#### The records ####

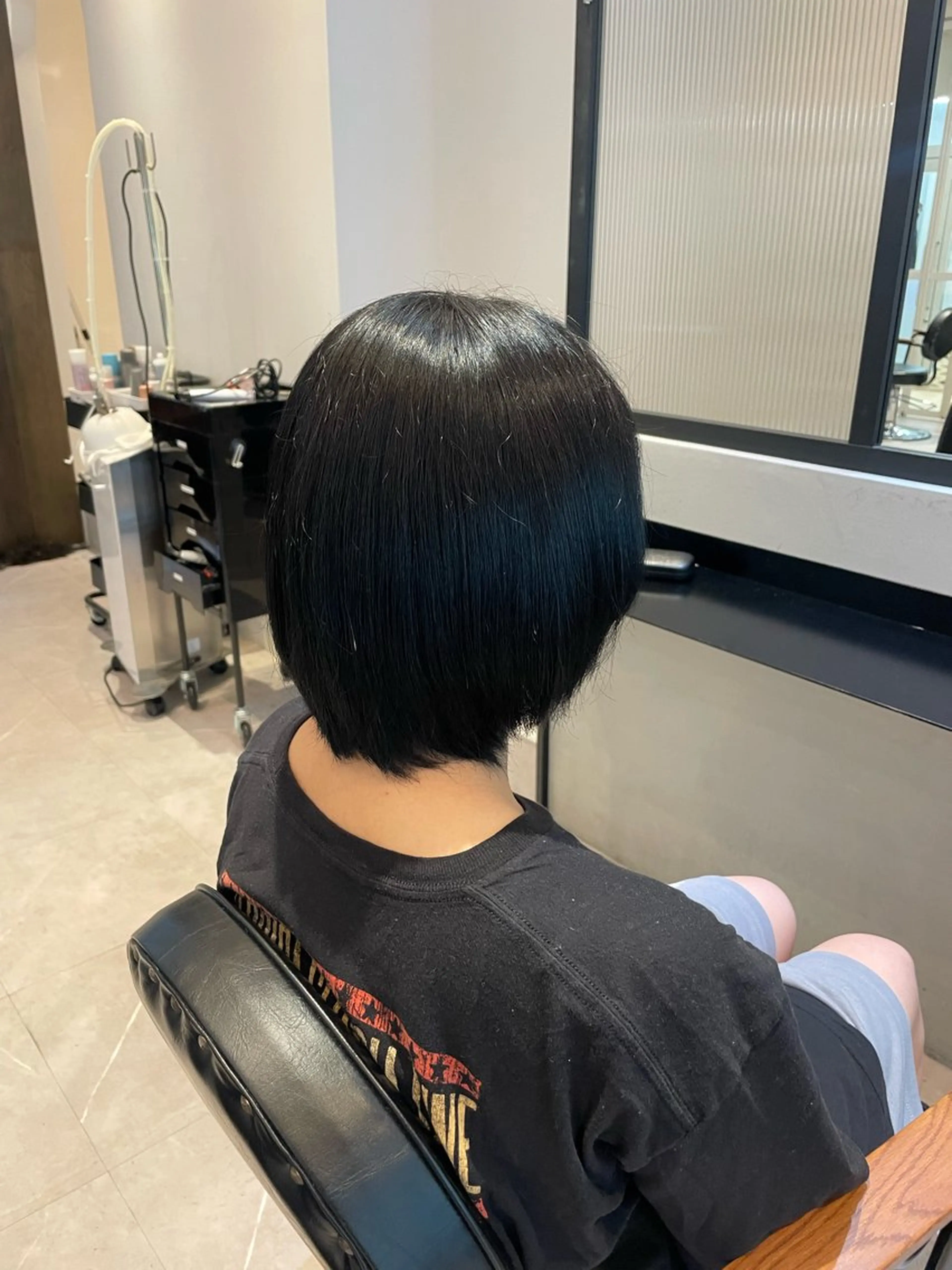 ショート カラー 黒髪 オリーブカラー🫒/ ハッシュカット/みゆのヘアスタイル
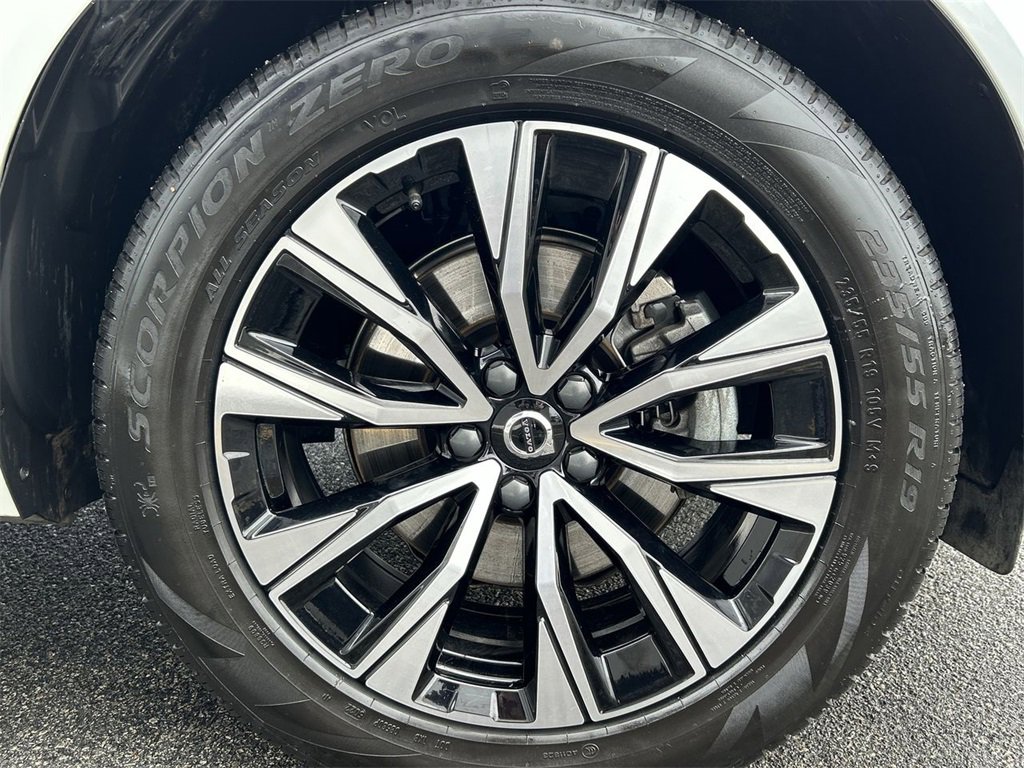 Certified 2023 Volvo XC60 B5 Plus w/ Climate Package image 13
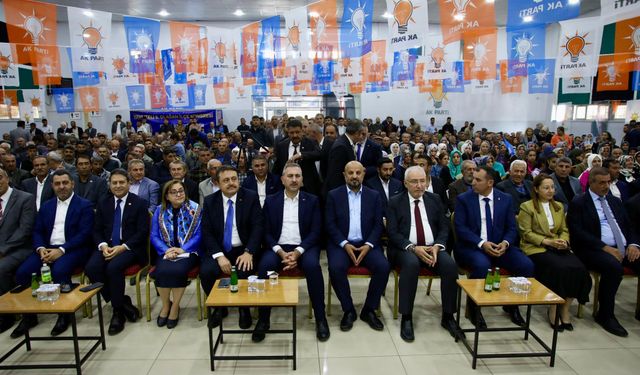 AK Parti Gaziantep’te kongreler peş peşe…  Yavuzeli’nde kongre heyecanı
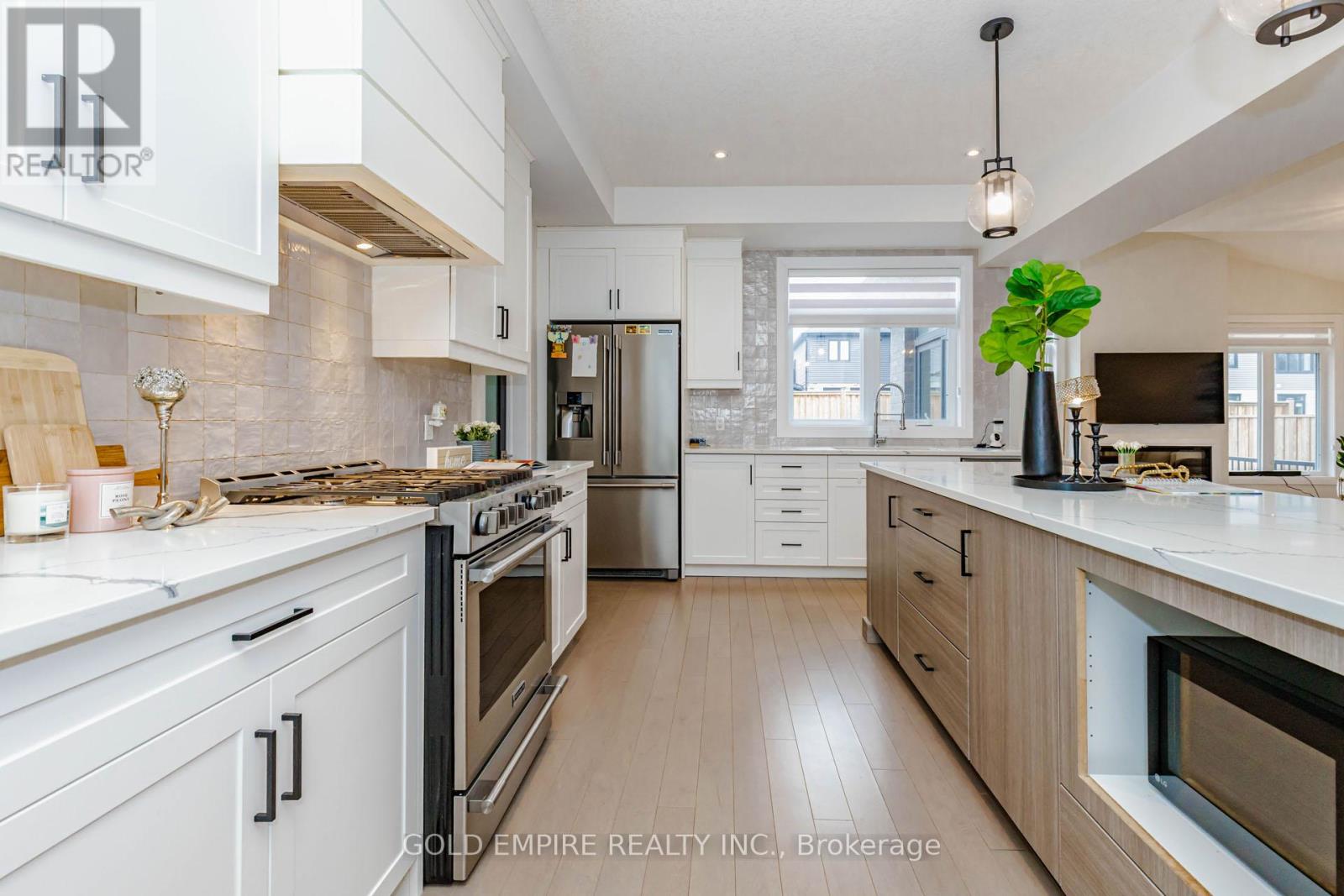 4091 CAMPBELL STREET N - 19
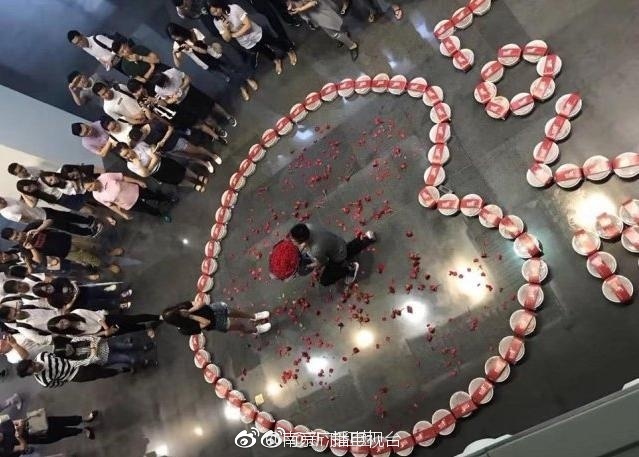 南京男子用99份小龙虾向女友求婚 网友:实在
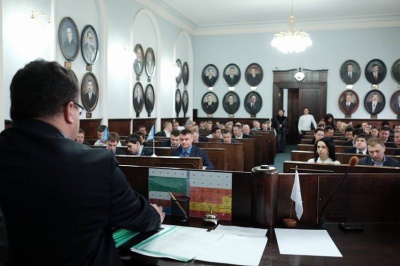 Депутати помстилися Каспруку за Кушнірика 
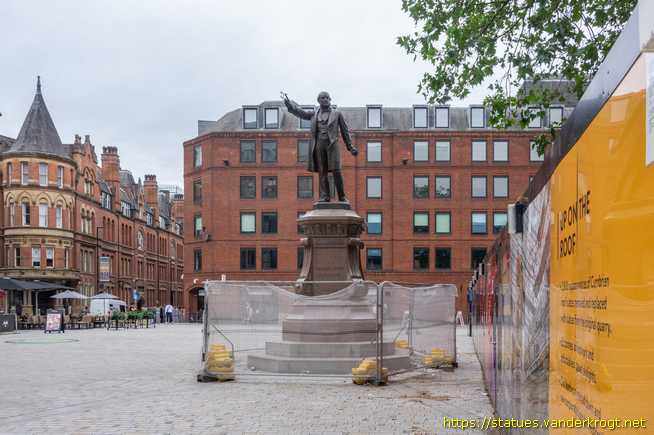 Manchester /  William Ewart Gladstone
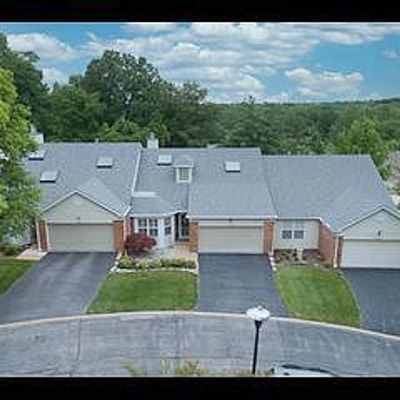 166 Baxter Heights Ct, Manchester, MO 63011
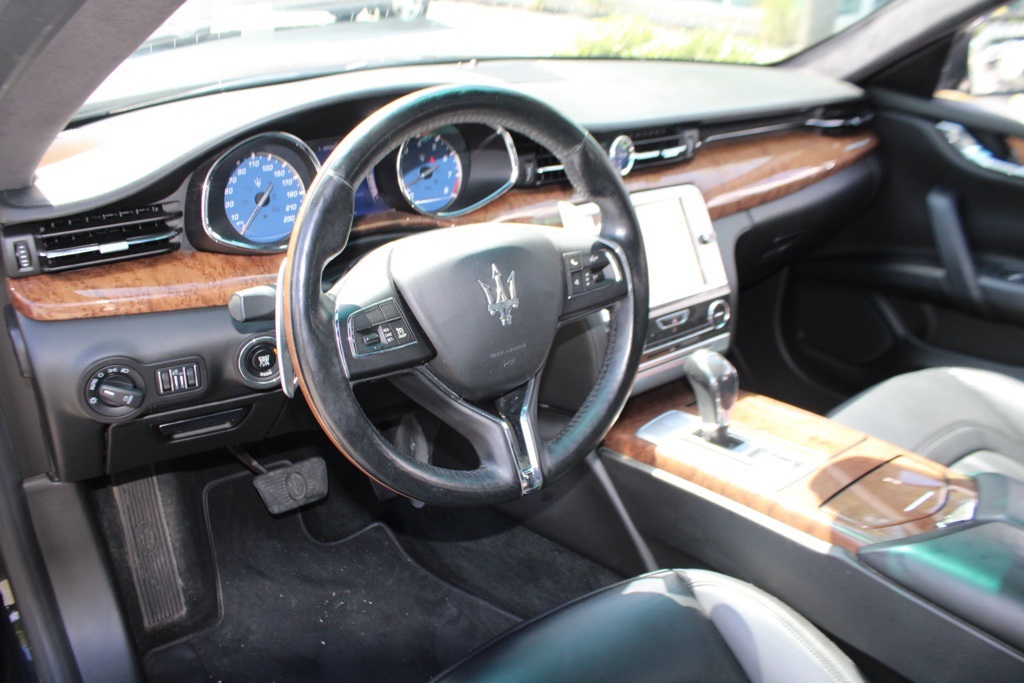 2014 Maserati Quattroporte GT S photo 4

####

### Problem requirements
Every line above should be retyped exactly; the pictures do not belong in the copy.

### Reply
 ショート カラー 黒髪 オリーブカラー🫒/ ハッシュカット/みゆのヘアスタイル
 Certified 2023 Volvo XC60 B5 Plus w/ Climate Package image 13
 AK Parti Gaziantep’te kongreler peş peşe…  Yavuzeli’nde kongre heyecanı
 4091 CAMPBELL STREET N - 19
 南京男子用99份小龙虾向女友求婚 网友:实在
 Депутати помстилися Каспруку за Кушнірика 
 Manchester /  William Ewart Gladstone
 166 Baxter Heights Ct, Manchester, MO 63011
 2014 Maserati Quattroporte GT S photo 4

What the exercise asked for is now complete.